Ce qui m'a refroidi, c'est le langage employé. La quatrième de couverture annonçait "une langue aux accents rabelaisiens", que je jugeais plutôt prometteuse, mais là c'est plus qu'une touche d'accents. L'auteur fait preuve de son érudition, nous ensevelissant sous une avalanche de mots archaïques et de tournures ampoulées. Cela rend la lecture plus difficile que poétique, d'autant que beaucoup de mots restent obscurs malgré les rares notes explicatives de bas de page (mais peut-être cela vaut-il mieux, le récit étant souvent un brin paillard ?). Bref, une écriture lourde qui a été pour moi un frein à la lecture. Espérons que l'auteur saura user de ce style si particulier avec plus de parcimonie dans les tomes suivants, apportant ainsi une amélioration notable.

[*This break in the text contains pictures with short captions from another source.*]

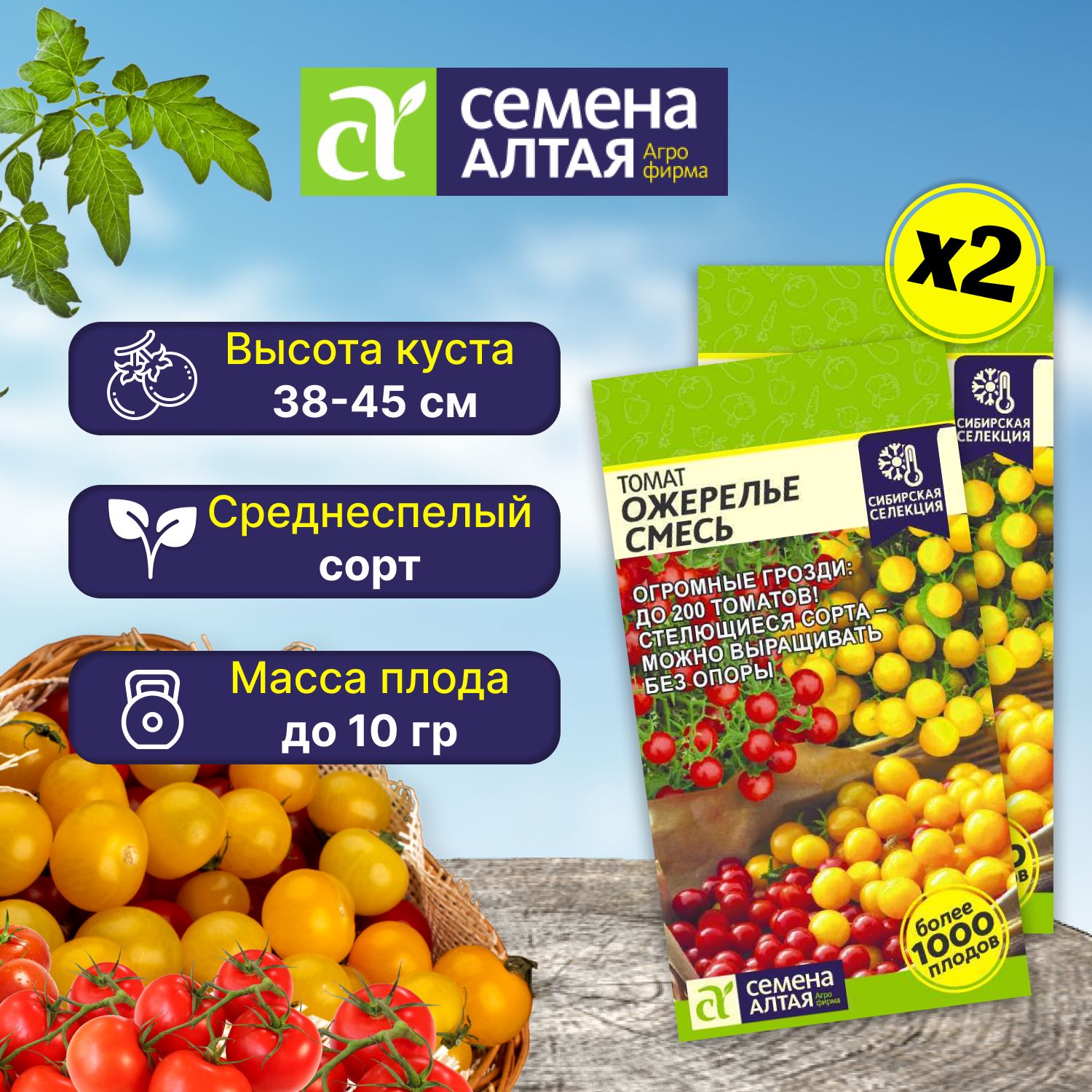 Мамонтенок Томат Семена Алтая Отзывы Фото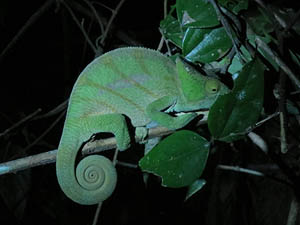 Madagaskar, Chamaeleon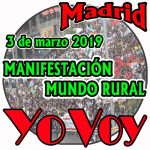 manifestacion-2019-yo-voy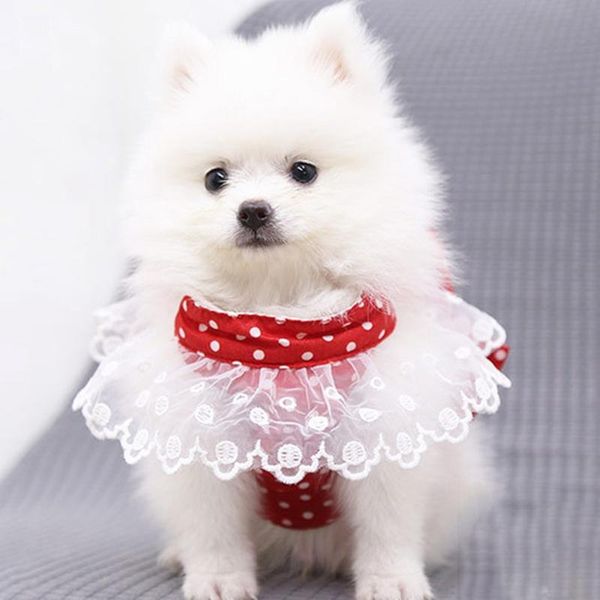 dog apparel sweet harness leash set cute bow lace rose dots puppy cat vest pet costumes tool
dog apparel sweet harness leash set cute bow lace rose dots puppy cat vest pet costumes tool
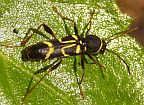 Clytus ruricola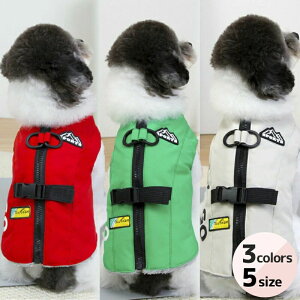 n[lX hbOEFA ybgEFA GO LET'S X|[eB[ oR WPbg _E xXg h ~ ˂ ʕ L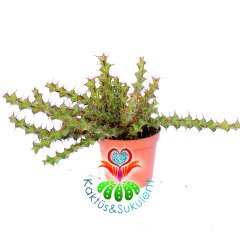 Kaktüs, Euphorbia Erigavensis-Nadir Tür-Minik Sarı Çiçek Açar -8,5 cm Saksıda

Si on passe outre, on a cependant une suite d'aventures abracadabrantes assez divertissantes. Les personnages sont relativement caricaturaux mais hauts en couleur et finalement plutôt sympathiques, même s'ils ne sont pas crédibles. On a même un brin de romance, nos aventuriers au grand coeur finissant par croiser sur leur route deux séduisantes jeunes filles, une demoiselle châtiée par son père pour avoir manqué l'écraser par mégarde (il faut dire qu'il s'était laissé rapetisser jusqu'à une taille vraiment ridicule) et sa suivante la dévouée Alda. Le seul hic, c'est que la noble Candorine s'est exposée trop longtemps aux eaux polluées de la Fagne et commence à se couvrir d'écailles...

Bref, si on est prêt à faire un petit effort pour surmonter le langage trop pittoresque, on a là un divertissement plutôt agréable.